# Extracted entries
______

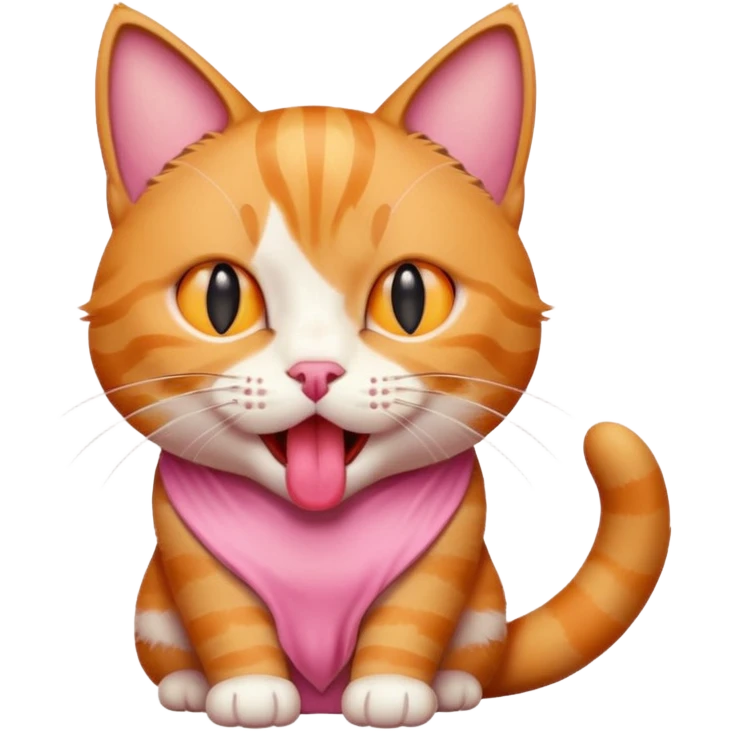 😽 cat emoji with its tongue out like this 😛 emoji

______

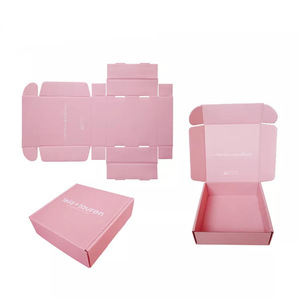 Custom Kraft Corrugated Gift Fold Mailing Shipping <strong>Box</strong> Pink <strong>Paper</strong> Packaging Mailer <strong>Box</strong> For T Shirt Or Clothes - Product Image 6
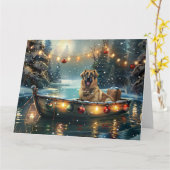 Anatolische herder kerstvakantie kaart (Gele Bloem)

______

Of the lines above, copy only those from the one holding "Custom Kraft Corrugated" to the one holding "Anatolische herder kerstvakantie", both included, and exclude every image.

 Custom Kraft Corrugated Gift Fold Mailing Shipping <strong>Box</strong> Pink <strong>Paper</strong> Packaging Mailer <strong>Box</strong> For T Shirt Or Clothes - Product Image 6
 Anatolische herder kerstvakantie kaart (Gele Bloem)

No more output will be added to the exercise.